Download as pdf

Data Lineage

Information Note

Last update: 2024-03-01

Opendatasoft enables all teams using its services to create, publish and share in their ecosystems new data experiences that are more accessible, more relevant, and easily reusable. By democratizing access to data, you optimize your operations, accelerate the development of new activities, and nurture relationships of trust with your stakeholders.

In this context, and in order to ensure the above objectives, Opendatasoft offers to its Clients as part of the provision of its Service, a data lineage functionality allowing to understand how the datasets of a Workspace are used in the Opendatasoft ecosystem, both within the Workspace concerned but also towards other Workspaces, and to encourage exchanges between Producer of datasets and User of the Opendatasoft Platform so that each party supports the outreach of the data network.

The present Information Note is intended for companies or entities clients of Opendatasoft (hereinafter "Client") and aims to present to the Clients the interest and the functioning of the Data Lineage and to describe the good practices of the parties involved in the use of this functionality. This document is for information purposes and does not modify the contractual basis of the Services.

Opendatasoft would also like to inform its Clients that the Data Lineage functionality does not involve the processing of personal data within the meaning of the General Data Protection Regulation ("GDPR"). Indeed, this functionality only uses data relating to legal entities and metadata that are not likely to identify a natural person. Moreover, within the framework of the Data Lineage functionality, no confidential information is used.
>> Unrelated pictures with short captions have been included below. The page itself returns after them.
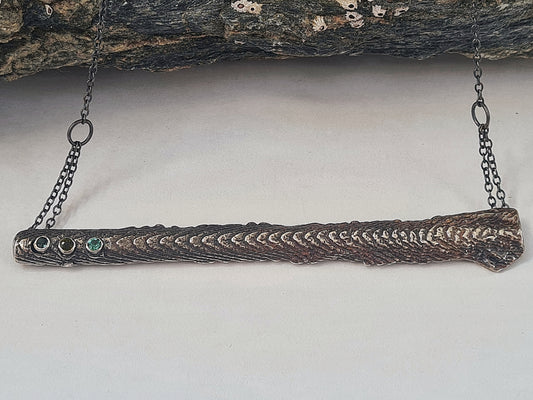 Cuttlebone Cast Necklace with Tourmalines
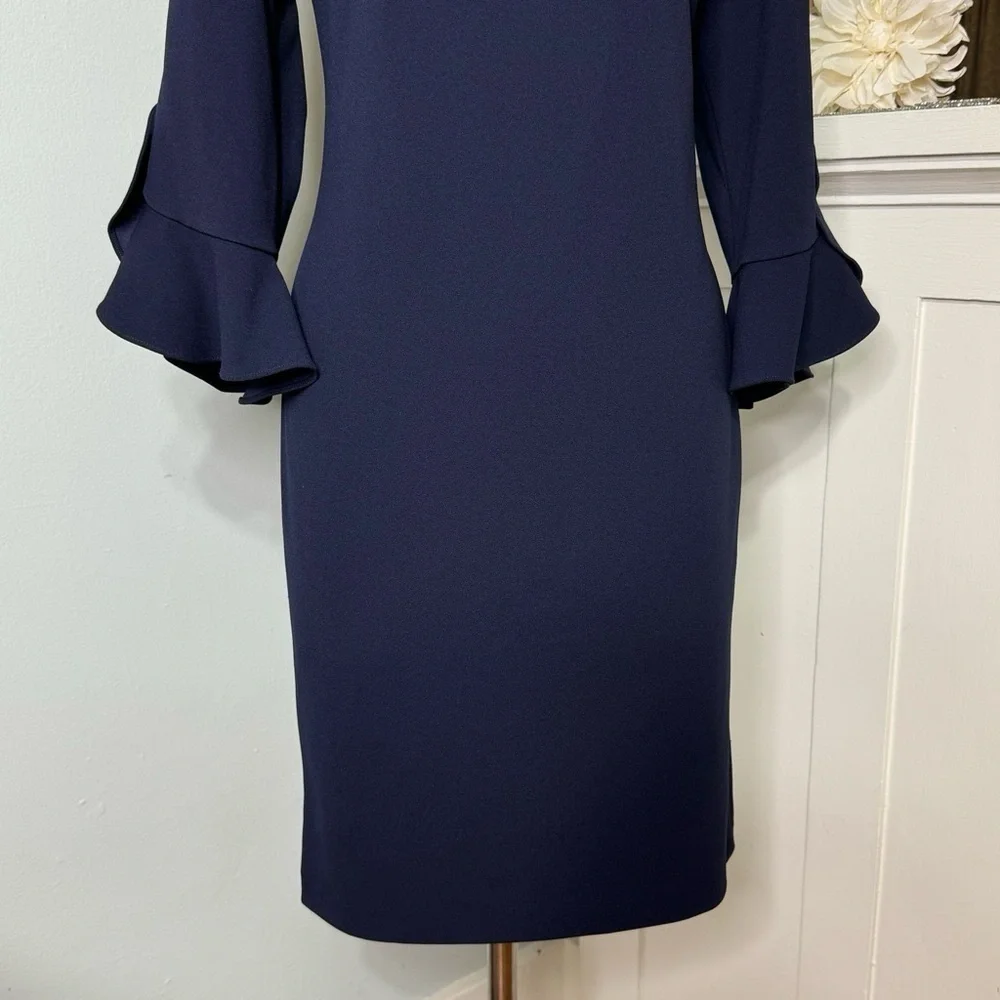Karl Lagerfeld Navy Shift Dress with Tulip Bell Sleeves 12 Large - Picture 4 of 10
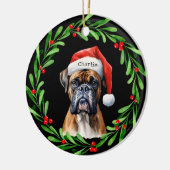 Kerstmis Hond Boxer Santa Hat Vakantie Keramisch Ornament (Links)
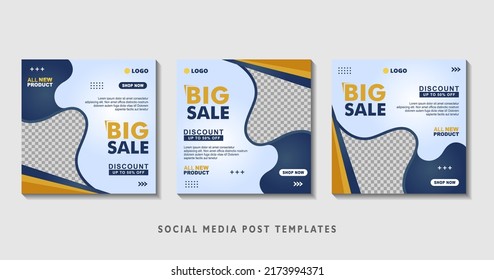 Set of editable square banner templates with photo collage. Suitable for Social Media Post and Online Advertising, Event, and etc. Vector Illustration.
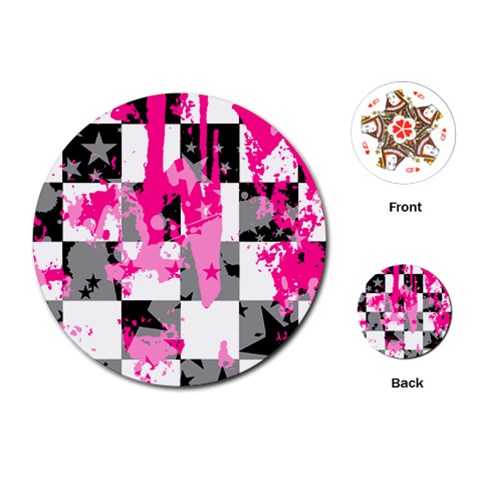 Pink Star Splatter Playing Cards Single Design (Round) from ArtsNow.com Front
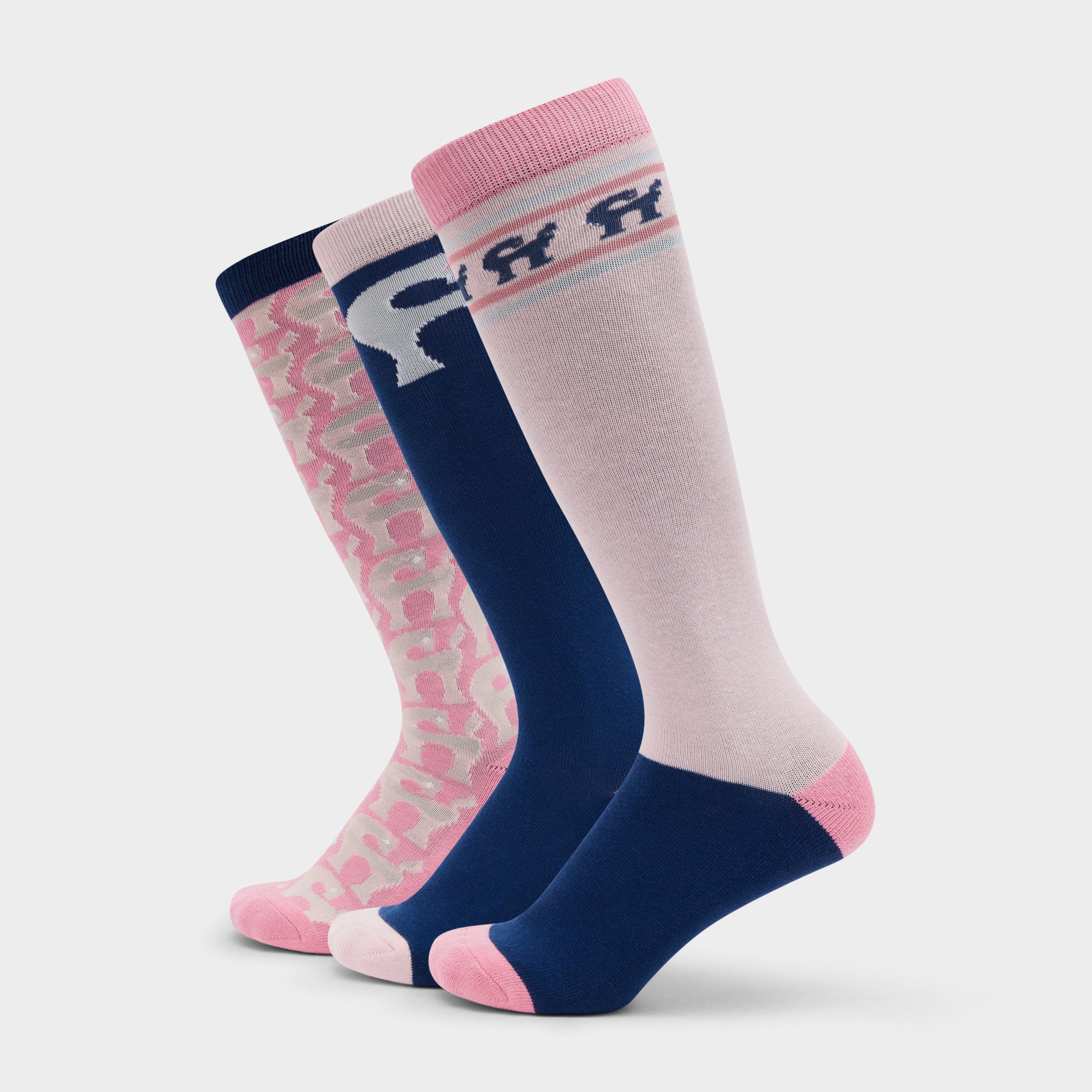 3 Pack Socks True Navy/Pink Tulle Pony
This Note is accessible on https://legal.opendatasoft.com/ and may be subject to updates, the applicable version of which will be accessible on this same page.

1. Definitions

All capitalized terms not defined in this Charter shall have the meaning given to them in the Opendatasoft Terms of Services and Terms of Use.

  • Data Lineage: means a complete visualization of data flows by providing a clear understanding of the dependencies between the different Objects, as well as how and why dataset is transformed along the way; this lineage is documented by listing the origin and final destination of a dataset as well as all the transformations it has undergone at each stage of its journey.
  • Usage Metadata: refers to lineage metadata available at the level of a dataset or page and modeled in the form of a graph. This adapted structure is an overview of the direct and indirect, upstream, and downstream relationships of Objects involved in the construction or use of a dataset. Usage Metadata is:
    • the name and nature of the ODS Object (Workspace name, title, identifier and linked fields of the ODS Object)
    • the name and nature of the Third-party Object (title and source type)
    • the relationship, i.e. the type of use.
  • ODS Object: refers to a dataset, a page or a map or graph editor.
  • Third-party Object: refers to an external source (file, URL, or remote service) of a dataset.
  • Object: refers to an ODS Object or a third-party Object.
  • Relationship: refers to a dependency between two Objects that establishes a directed link between an origin Object and a destination ODS Object.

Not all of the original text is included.